━━ Information provided ━━

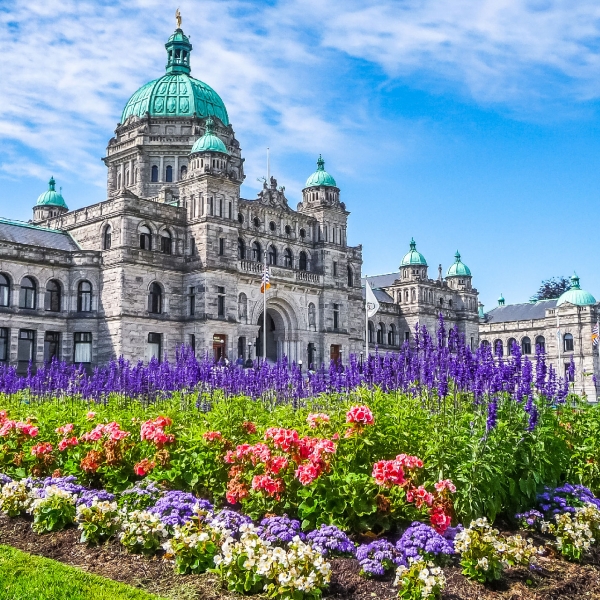 British Columbia: Vancouver Island, Victoria & the Saanich Peninsula 9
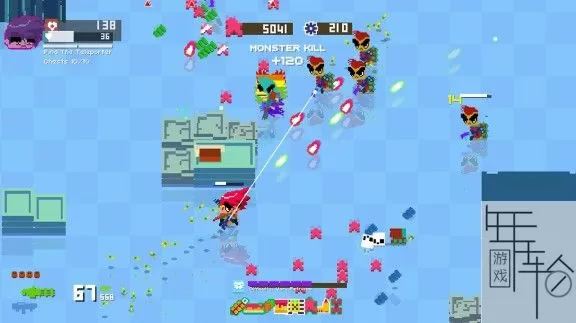 PC《遗迹猎人Zero Relic Hunters Zero》中文版下载v1.0.22_1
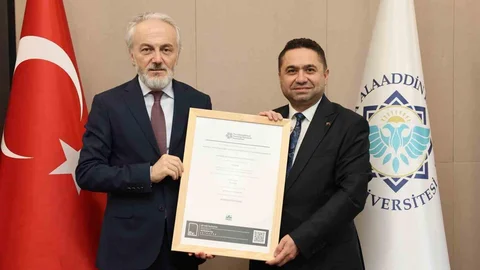 ALKÜ, Yeşil Enerjide Öncü Oldu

━━━

**Aim of the exercise**:
Your copy should begin at the line containing "PC《遗迹猎人Zero Relic Hunters" and end at the last line of the data above, matching each line exactly and holding no pictures.

**Answer for this exercise**:
 PC《遗迹猎人Zero Relic Hunters Zero》中文版下载v1.0.22_1
 ALKÜ, Yeşil Enerjide Öncü Oldu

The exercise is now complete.